La défense de l’équipe nationale a tenu bon mardi soir face à la Colombie. Malgré quelques errements défensifs des deux latéraux Youcef Atal et Ramy Bensebaïni, l’arrière-garde a été solide grâce à la paire centrale Benlamri – Mandi et le gardien de but Raïs M’Bolhi impeccable dans ses interventions.

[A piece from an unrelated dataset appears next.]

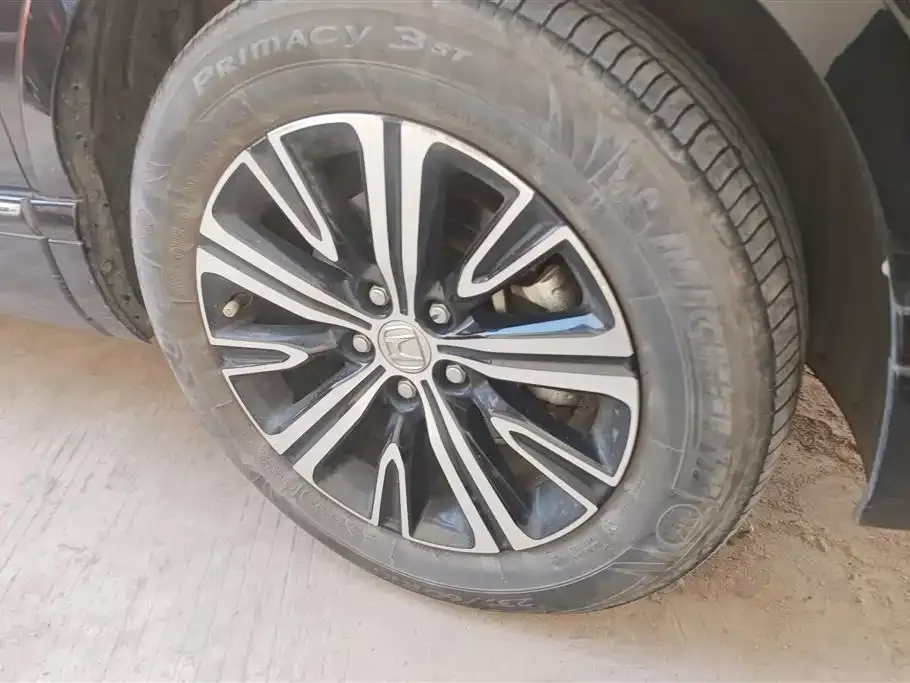 Honda Breeze PHEV 2022 из CN, фото 7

On fera une focalisation sur l’axe de la défense. Si Aïssa Mandi s’est plus occupé de la relance, son camarade Djamel Benlamri a remporté un paquet de duels et éloigné beaucoup de ballons dangereux. Très propre dans ses interventions, présents pour couvrir les espaces laissés par Bensebaïni et souvent précis dans ses longues ouvertures (c’est un de ses qualités), le natif d’El-Harrach a prouvé, encore une fois, qu’il est une pièce-maîtresse en sélection. Djamel Belmadi, sélectionneur de l’EN, avait fait un choix aussi fort qu’inattendu en le rappelant chez les «Fennecs». Les premiers signaux de la collaboration parfaite étaient déjà là en mars lorsqu’ «El-Khadra» sortait d’une petite mais solide victoire au détriment de la Tunisie (1/0) au stade Mustapha Tchaker. Le driver des futurs champions d’Afrique s’était dit «très satisfait du rendement du compartiment défensif. J’estime que Belamri et Mandi ont été solides derrière. Cela ne peut que nous donner plus d’assurance. Personnellement, je dirai que la rencontre de ce soir nous a permis de nous faire une idée sur la forme des joueurs et je peux dire que nous sommes dans la bonne voie.» Et il ne pensait pas si bien dire.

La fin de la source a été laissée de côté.